There is much more to history and international relations

do not disturb-01

This is not a scientific attitude.

We are confronted with a daunting responsibility and task: To ensure we can accommodate a world population of 9.8 billion in 2050, and 11.2 billion in 2100. The current population size is about 7.5 billion.

If, as I explained, the current failed states are not able to recover from their current dire condition, in 2100 almost 3 billion people will live in failed states, and not have access to basic facilities.

The mess we now create with 7 billion people is already unbelievably large: What will the world look like in 2100, if appropriate action is not taken urgently (and we get there)?

Not to mention the impact of climate change.

A better understanding of the workings of the System is crucial to find timely solutions.
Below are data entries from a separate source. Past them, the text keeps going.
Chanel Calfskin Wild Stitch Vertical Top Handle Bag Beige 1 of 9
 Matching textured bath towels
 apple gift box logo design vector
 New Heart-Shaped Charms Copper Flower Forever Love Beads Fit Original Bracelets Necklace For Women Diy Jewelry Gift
Science is indispensable.

However, we still only have a very rudimentary understanding of historical processes and international relations: These are ignorant ‘sciences’. The existence of ‘underlying’ highly deterministic laws – for example – is still ignored. Don’t disturb!

This fundamental shortcoming hampers us in our ability to shape the international system, and ensure our collective well-being.

Historical research and international relations theory must be founded on science – and no longer on self-serving dogmas – to be able to make valuable contributions to the challenges we face.

In my research, I show that in 1495 the System (Europe, the core of the System at that point of time) reached a critical mass and started producing war dynamics, with remarkable regularity.

A closer look reveals that ‘simple’ physical laws and several networks mechanisms determine certain key-characteristics of war dynamics (i.e. the timing and intensity of systemic wars), and also shape(d) the events that led up to wars.

It is possible to distinguish between a contingent and a deterministic domain.

The events historians, social scientists and international relations theoreticians typically focus on, take place in the contingent domain, where change also plays an important role. However, they are not aware of the existence of an underlying deterministic domain, which is governed by physical laws.

It is only possible to make sense of historical processes, the development of the System and international relations, if both domains – and their interactions – are taken into consideration: Physical laws (the deterministic domain) determine and shape war dynamics (the contingent domain), but the reverse is also the case as for example the exceptional war dynamics during the period 1657-1762 show, when non-systemic war dynamics were temporarily not chaotic in nature because of the intense rivalry between Great Britain and France; this caused a delay in the development of the second war cycle (1648-1815).

Two questions are relevant.

The first question is: Why were historians and social scientist not able to ‘discover’ the underlying deterministic domain, and its decisive impact on historical events?

Various reasons explain this shortcoming: The tendency of historians to study single events, to ignore long term-developments, and in case long-term dynamics are studied (and data is used), to use a very limited and biased perspective.

Historians typically tried to make sense of (long-term) war dynamics by grouping wars in periods of 100 years (1500-1600, 1600-1700, etc.) and ignored the fact – and the possibility – that man-made centuries, are not the correct unit of analysis for a naturally evolving system.

That is indeed the case, as I show: During the period 1495-1945, the System produced four accelerating war cycles – consistent with physical laws – which cannot be identified when centuries are used as unit of analysis.

These new insights have brought to light important errors in the works of historians.

The second question is: Why until today – despite proof to the contrary – is it still problematic for historians and social scientists to accept that humanity – and their dynamics – are not exempted from physical laws?

Part of the answer lies in the ‘entrenched’ reluctance of historians and social scientists to use the scientific method and to limit themselves in their analyses to a narrative (and often opinionated) approach. It also is difficult – it seems – to except that humanity and their dynamics are not exempted from physical laws. We are special, but not so special.

It is time social scientists, historians and international relations theoreticians no longer ignore basic facts, base their research on the scientific method, and ensure that their scientific discipline starts making meaningful contributions to find sensible and useful answers to the challenges humanity confronts.